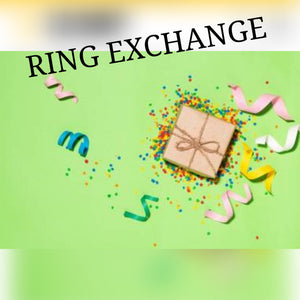 Ring size exchange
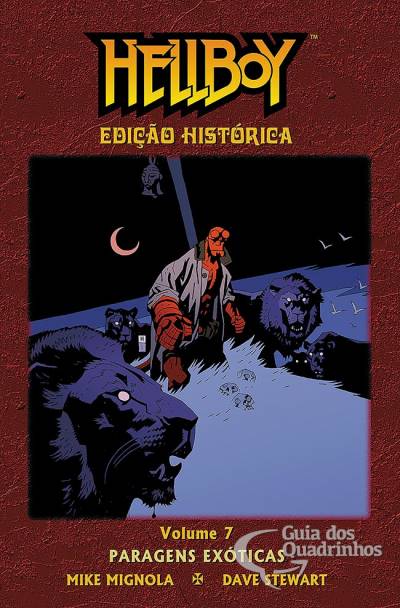 Hellboy - Edição Histórica n° 7 - Mythos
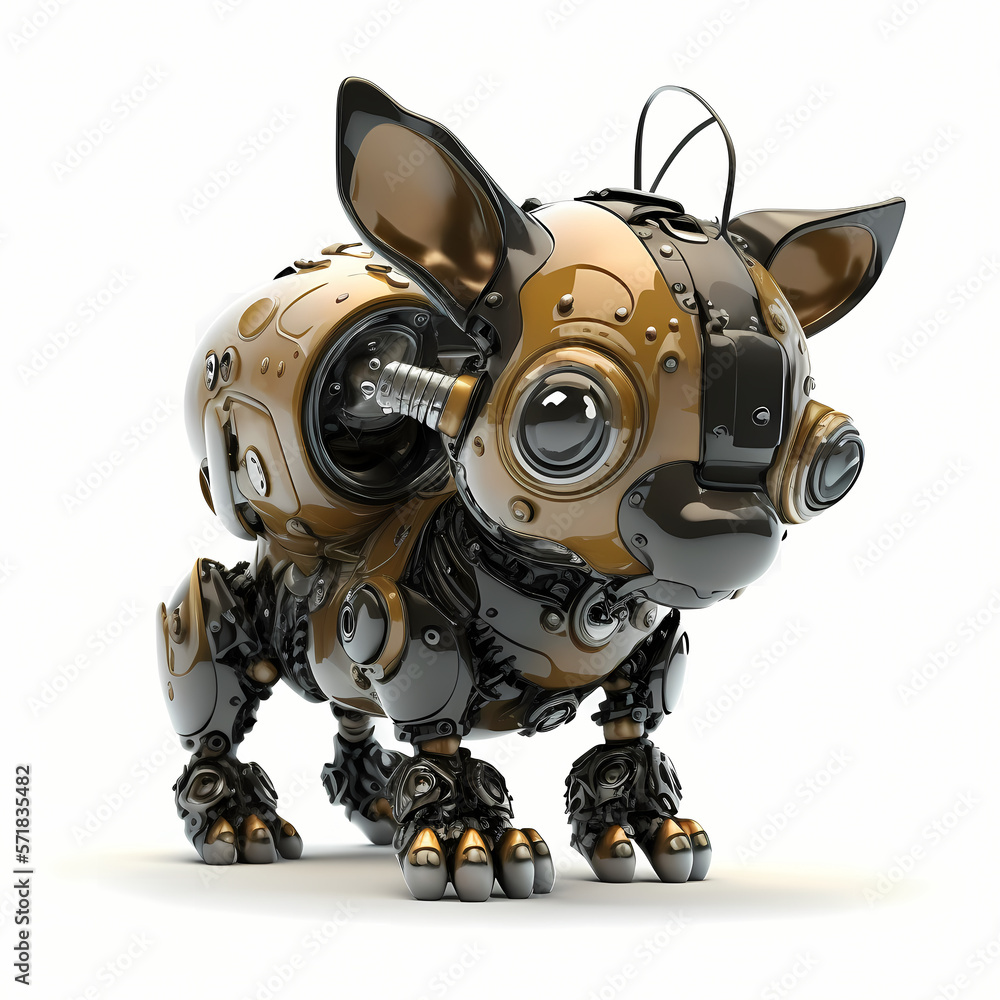 Cyborg Dog - Robot Dog - Technology Dog - Dog Robot Cyborg Dog - Robot Dog - Technology Dog - Dog Robot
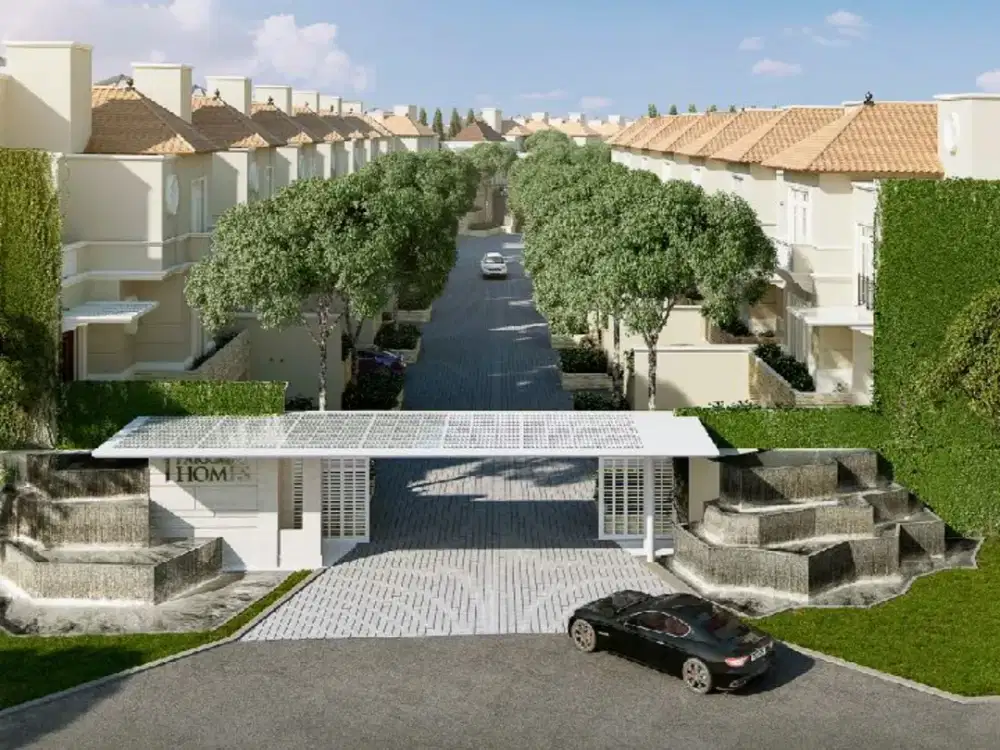 Townhouse Premium 1 Park Homes by Intiland di Gandaria Jaksel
------------------------------------------------------------------------
Set down exactly, from the line that contains "Hellboy - Edição Histórica n° 7 - Mythos" through the last line of the data, each line as it stands, and leave the pictures out.

Answer area:
 Hellboy - Edição Histórica n° 7 - Mythos
 Cyborg Dog - Robot Dog - Technology Dog - Dog Robot Cyborg Dog - Robot Dog - Technology Dog - Dog Robot
 Townhouse Premium 1 Park Homes by Intiland di Gandaria Jaksel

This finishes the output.